◆ **PROBLEM REQUIREMENTS**
All lines in the data that hold the word "Office" need copying.

◆ **MATERIAL SUPPLIED**
________
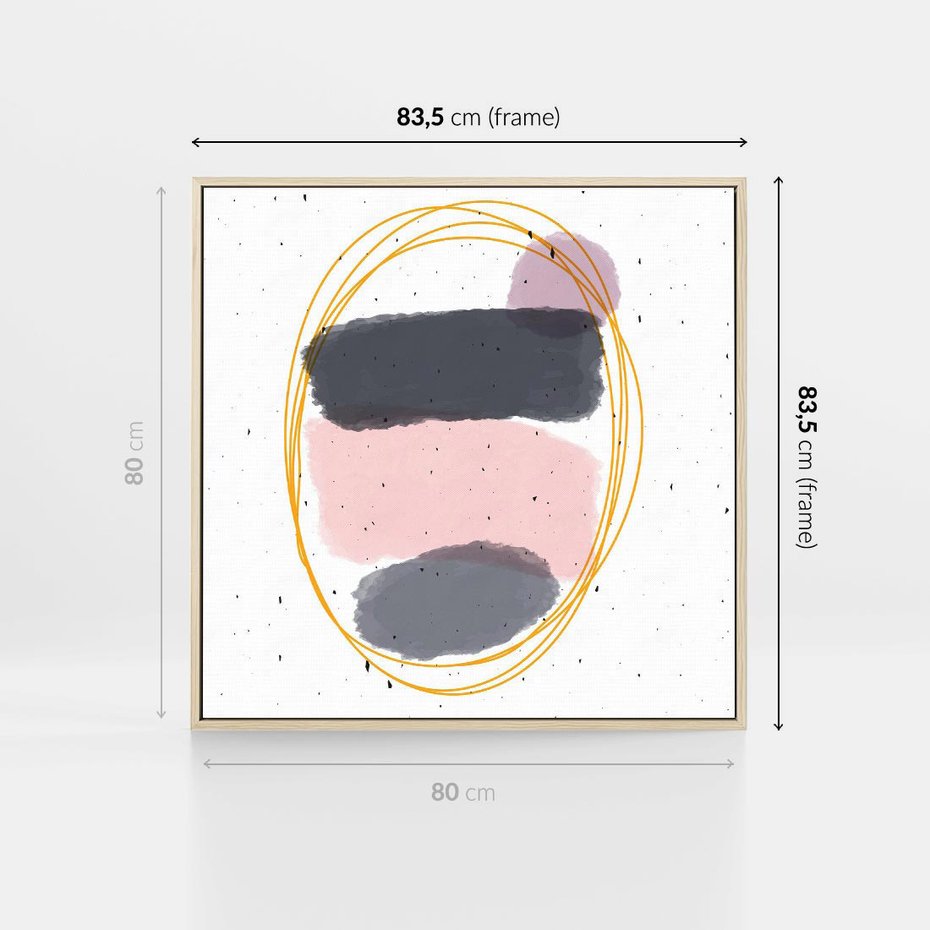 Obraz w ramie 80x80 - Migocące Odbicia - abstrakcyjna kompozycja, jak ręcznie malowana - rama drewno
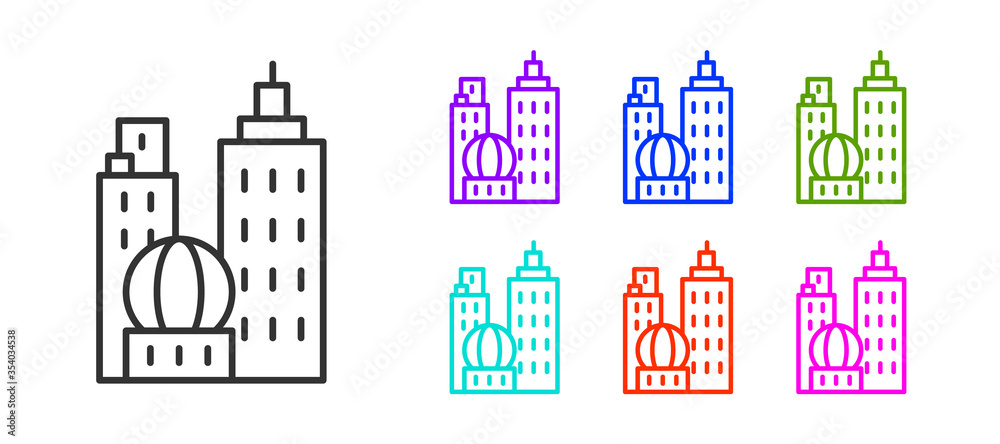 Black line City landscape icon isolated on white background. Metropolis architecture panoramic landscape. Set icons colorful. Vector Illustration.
________
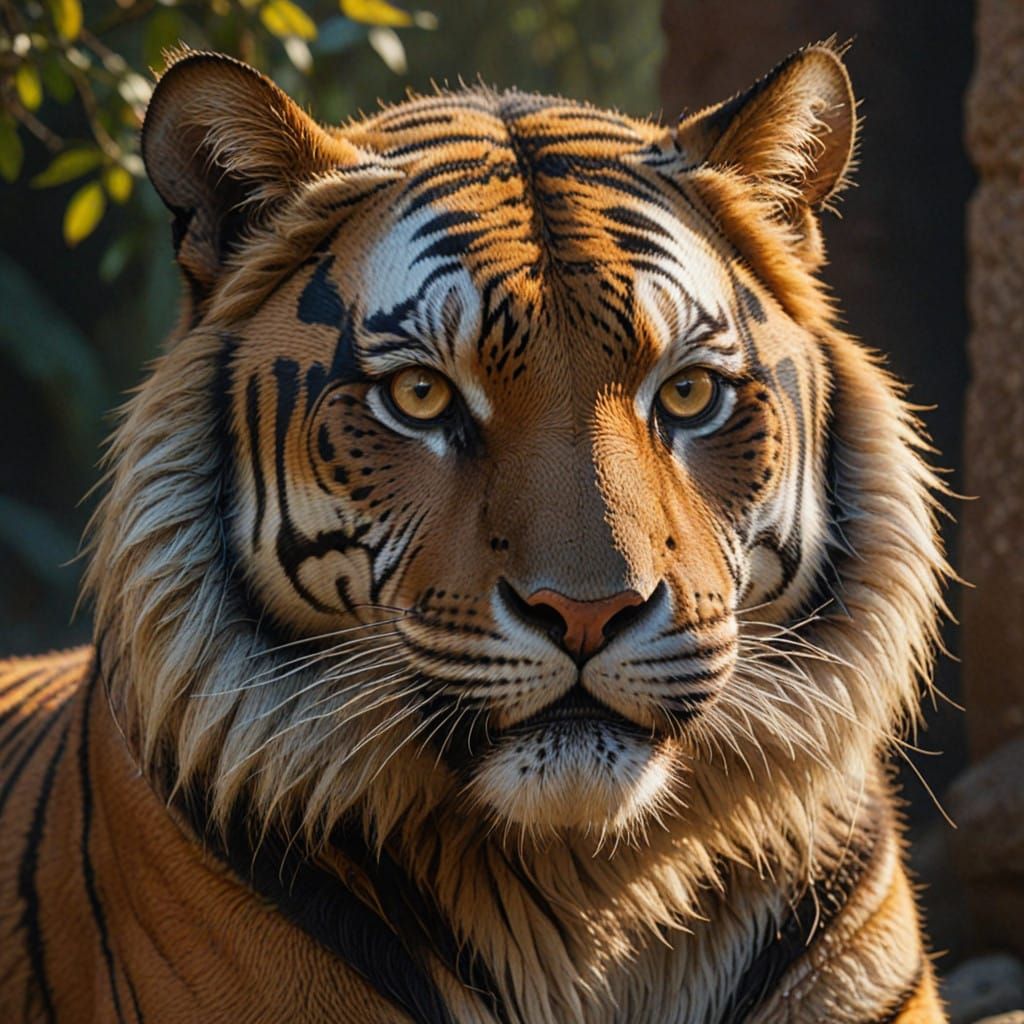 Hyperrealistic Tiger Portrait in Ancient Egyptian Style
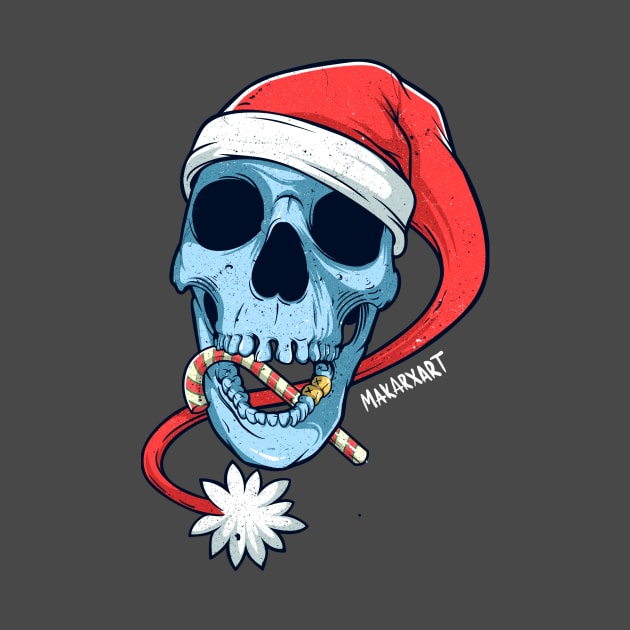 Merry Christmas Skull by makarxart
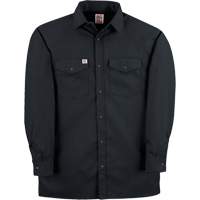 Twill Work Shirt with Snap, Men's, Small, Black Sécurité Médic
________
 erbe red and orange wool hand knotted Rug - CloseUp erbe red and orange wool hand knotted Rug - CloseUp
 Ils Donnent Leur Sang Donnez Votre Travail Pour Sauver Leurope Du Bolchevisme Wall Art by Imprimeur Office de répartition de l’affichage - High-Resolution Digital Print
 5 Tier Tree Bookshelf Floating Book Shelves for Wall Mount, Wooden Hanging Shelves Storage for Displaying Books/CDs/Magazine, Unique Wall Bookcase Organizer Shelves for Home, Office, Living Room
________
◆ **TASK SOLUTION**
 Ils Donnent Leur Sang Donnez Votre Travail Pour Sauver Leurope Du Bolchevisme Wall Art by Imprimeur Office de répartition de l’affichage - High-Resolution Digital Print
 5 Tier Tree Bookshelf Floating Book Shelves for Wall Mount, Wooden Hanging Shelves Storage for Displaying Books/CDs/Magazine, Unique Wall Bookcase Organizer Shelves for Home, Office, Living Room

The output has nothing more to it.